Quelle est la place du staff dans cette réussite ? On ne sait jamais avec précision quel est l’impact d’un staff dans la réussite d’une équipe sur le terrain et là, dans un championnat. Christophe Parra, vous le lirez plus loin, aime la réflexion tant pour le staff que pour les joueuses. « On a aussi notre réflexion à apporter afin d’essayer d’organiser le travail des filles et leurs investissements, mais on est tous logés à la même enseigne et on doit faire preuve de bon sens et de bienveillance pour essayer de faire avancer le projet. »

La réussite de l’OM. C’est un projet collectif qui est devenu réalisable avec un groupe qui a accepté les erreurs pour continuer à avancer.

Lesfeminines.fr Qu’est-ce qu’a amené cette performance au groupe  sur le plan humain ?

Christophe Parra a réellement une vision sur le long terme. Pour lui, le moment présent s’installe dans une vision bien plus globale. Sa première réponse sera de resituer la performance marseillaise dans le passé : « Avant toute chose  chose, c’est un projet sportif et humain qui est la base de notre projection depuis la 7è saison et il faut quand même rappeler que nous sommes montés toutes les saisons. Avant, on existait pas et c’est aussi à souligner. »

Est-ce pour tirer un trait sur les nombreuses joueuses qui sont parties du groupe de la D1F ? Est-ce pour situer le projet marseillais dans son avenir ? Le coach marseillais qui est présent depuis l’origine, ne répondra pas réellement. Il a son regard.

Lesfeminines.fr Comment as-tu préparé la saison à venir car souvent, si on doit copier ce qui arrives chez les hommes, lorsque l’on fait une très bonne montée, la saison suivante est souvent difficile ?

Christophe Parra a bien conscience de la difficulté potentielle. « Confirmer est beaucoup plus difficile. On est encore en apprentissage ce n’est que notre second saison en D1 et on se doit de dire que l’on est dans l’apprentissage. Cela ne plait pas à beaucoup de personnes que de dire que l’OM apprend, mais c’est la réalité. »

Il a noté les points positifs et négatifs de la saison dernière, sur lesquels il ne veut pas s’étendre « Je ne vais pas trop m’exprimer car je ne voudrais pas trop donner d’information à mes adversaires et on va rester sur une globalité «  mais le coach a conscience qu’il ne reviendra pas, une seconde fois, d’un début de saison aussi difficile que celui de l’an dernier.

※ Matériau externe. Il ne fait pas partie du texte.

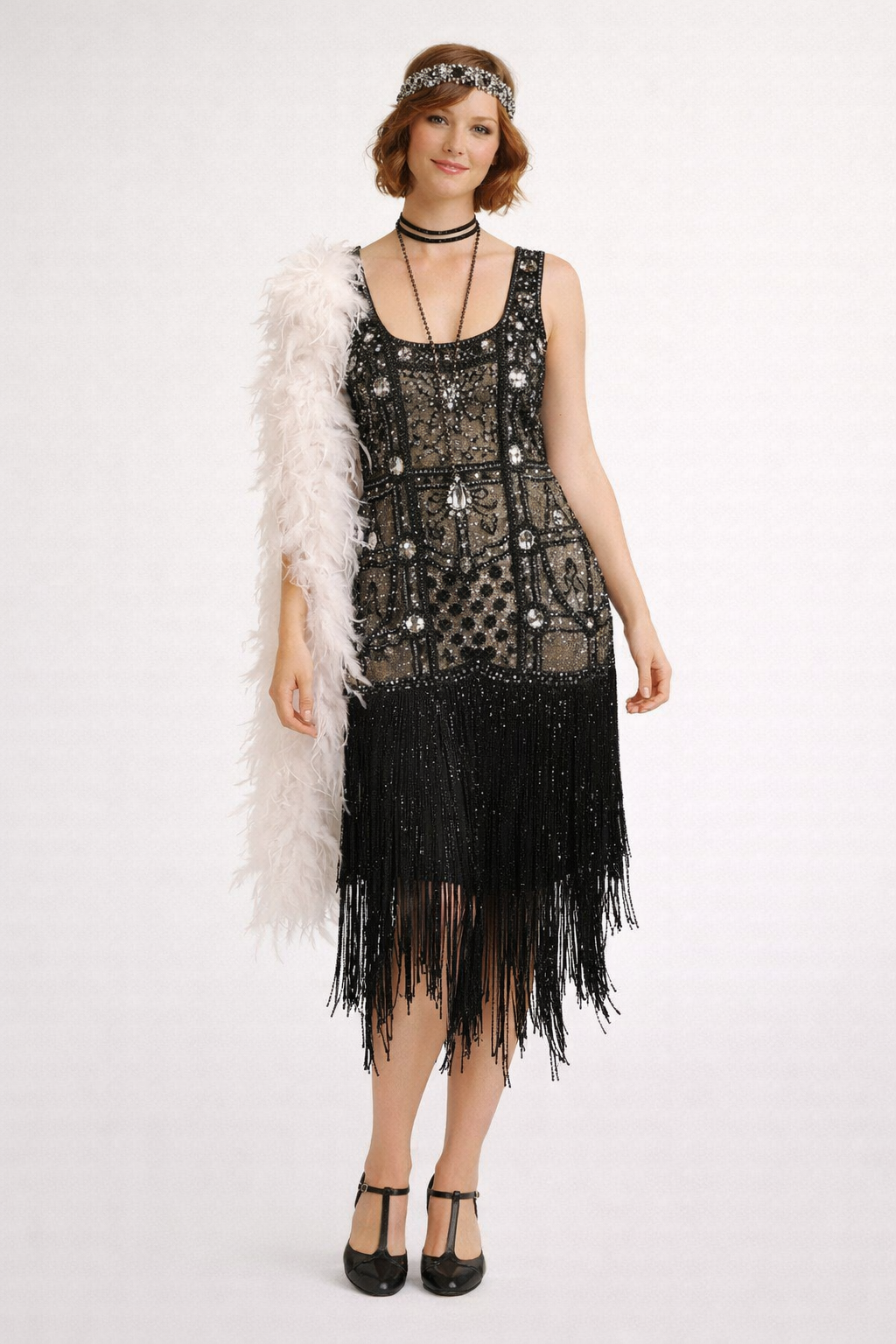 Black Crystal Fringed Beaded Flapper Dress 1920's, Women's Costume Rental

Il conclut ainsi sa vision : « l’objectif, c’est de réussir une deuxième saison compliquée avec un groupe jeune qui doit avoir des certitudes mais plus encore des convictions et de construire quelque chose de cohérent face à l’adversité. »

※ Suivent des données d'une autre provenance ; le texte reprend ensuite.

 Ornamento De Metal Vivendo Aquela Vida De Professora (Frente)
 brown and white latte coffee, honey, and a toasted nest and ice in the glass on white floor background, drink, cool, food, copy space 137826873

Il reste que l’OM fait partie des, maintenant, neuf équipes qui ne savent pas réellement de quoi sera fait leur avenir. Tant sur le plan d’un échec potentiel avec une descente à deux clubs que d’une performance, et pour l’OM, une seconde performance de rang qu’aucune autre équipe, hors le TOP four, a réussi à réaliser.

Lesfeminines.fr Si l’OM renouvelle sa performance ; il est clair que le nom de l’OM va flamber en football féminin et avoir une identité qui sera proche de celle des hommes

Christophe Parra sait bien quelles conséquences ont la couleur de maillot marseillais. « On voit l’équipe féminine de l’Om comme celle des garçons qui a été championne d’Europe dans les années 90. J’en suis bien conscient. La seule différence c’est que l’on atteint notre 7è saison et on a beaucoup de choses à apprendre. Je le disais l’année passée. On me prenait presque pour un fou mais je le dis à nouveau cette année. »

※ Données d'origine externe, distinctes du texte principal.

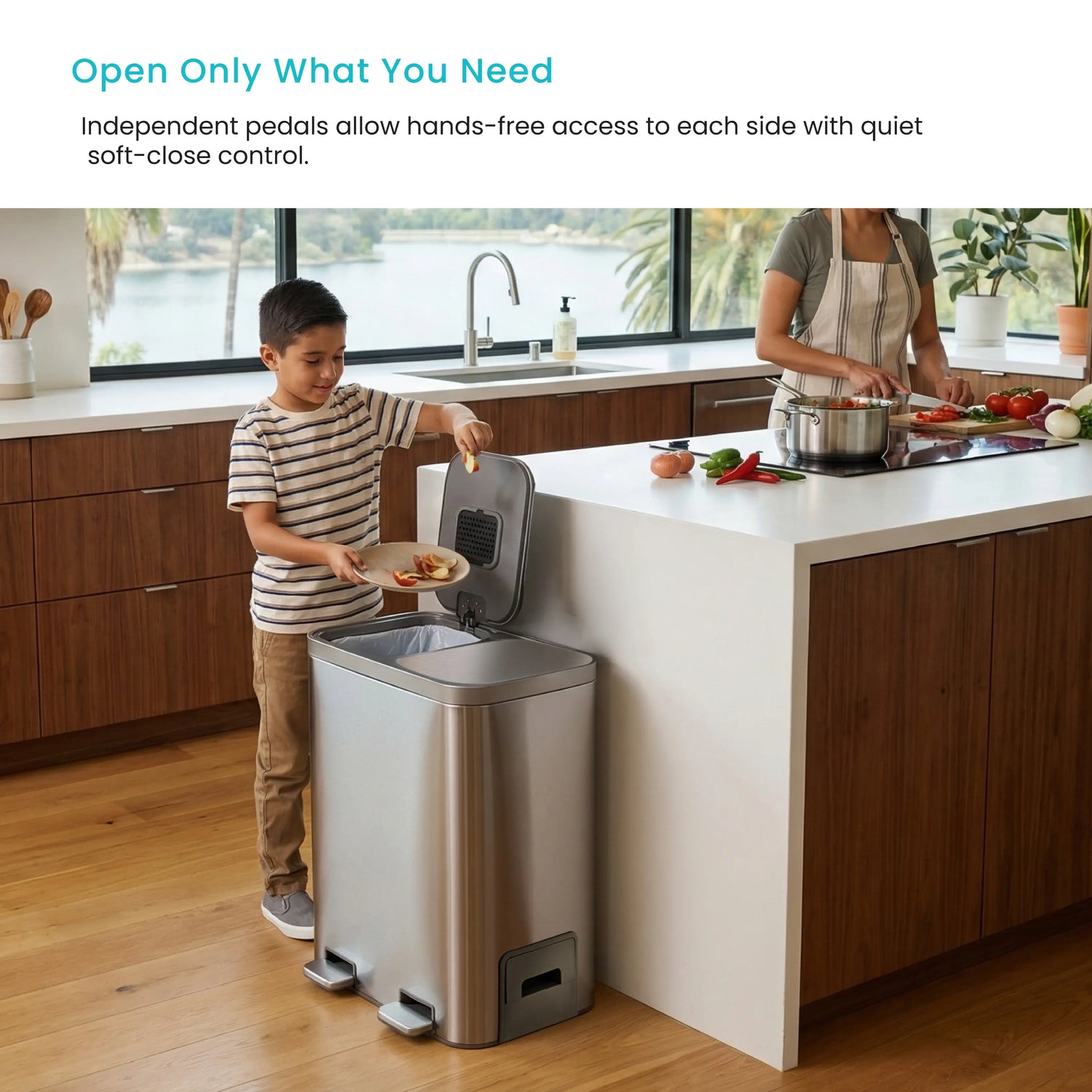 Home Zone Living 13 Gallon Dual Compartment Kitchen Trash Can with Recycling, Soft-Close Lids and Bag Storage, Brushed Stainless Steel, Silver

Il reste que l’OM, dans le développement de sa section féminine, bénéficie d’un bassin méditerranéen exceptionnel avec un peu de retard face à Montpellier, Nîmes, etc ..

Lesfeminines.fr Est-ce que tu sens autour de ton bassin qui est important où il suffit d’une boule de papier pour faire un ballon, est-ce que tu sens des talents surgir à l’image de Louisa.

Et là, on entre totalement dans le véritable projet de Christophe Parra pour la section féminine de l’OM. « Nous attaquons notre 7è saison et on sait très bien que tout se construit dans le temps, tant dans l’aspect structurel qu’infra structurel. Une équipe de D1, doit avoir des fondamentaux comme travailler avec des jeunes, travailler avec sa section sportive, notre internat. S’améliorer dans ce que l’on présente aux jeunes filles, On n’a pas encore cette expérience et on doit travailler la-dessus. Il n’y pas que l’équipe 1ère, c’est un projet global. Il faut des résultats en D1 mais aussi préparer la jeunesse et notre formation. »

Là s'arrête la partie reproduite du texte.